This is the philosophy behind Communique. Everything is content. Templates are content, user data are content, user ACLs are content and — of course — content is content. Interstingly the compiled JSPs are also content, so you can remove them easily with the installation of a single package and force the JVM to recompile them again.
If all these elements can be handled the same way, you can use a single mechanism to install, update and also remove these elements. The CQ package tool is a great thing to deploy new template code (java code) plus the additional ESP files and the other static image snippets. You can access parts of the system which are not reachable by the authoring GUI. But behind the scenes it looks quite different:
- Content (the things you have Communique for) is versioned and can be added and removed online.
- Code isn’t versioned. If the installation of a package were an atomic operation, one could easily switch between different template version. Going back to an older template version would be quite easy, just undo the template installation and restore the version which is live then. Sadly not possible, one solves this be cleaning all template places and re-installing the older template version.
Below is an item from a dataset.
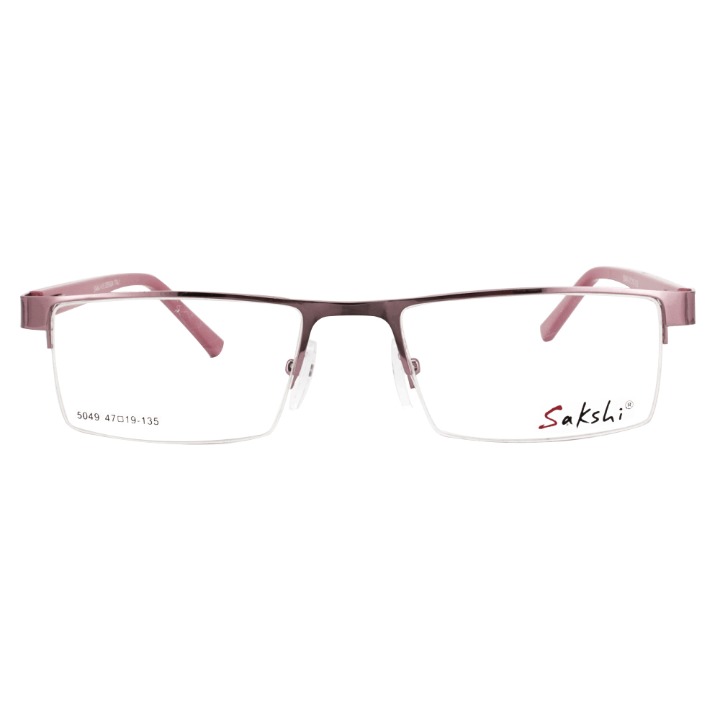 Unisex Model with Stainless Steel Front with spring fitted Injection temple.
- Day hotfixes and services: a weird construct. Because you cannot exchange them at runtime, these are extrated into a directory system/bin.new; when restarting the content of system/bin is zipped into a file system/bin.$TIMESTAMP.zip and then the content of system/bin.new is copied over to system/bin. A stable mechanism (updates are performed before the CQ core and the services actually start), but it’s really hard to undo hotfixes. No GUI anymore; you need to find the right zip files and manually unzip it to system/bin.
Oh, another thing: older versions of a handle are not content. No possibility to create a package of handles including its history (aka the versions). Only the most recent versions are included.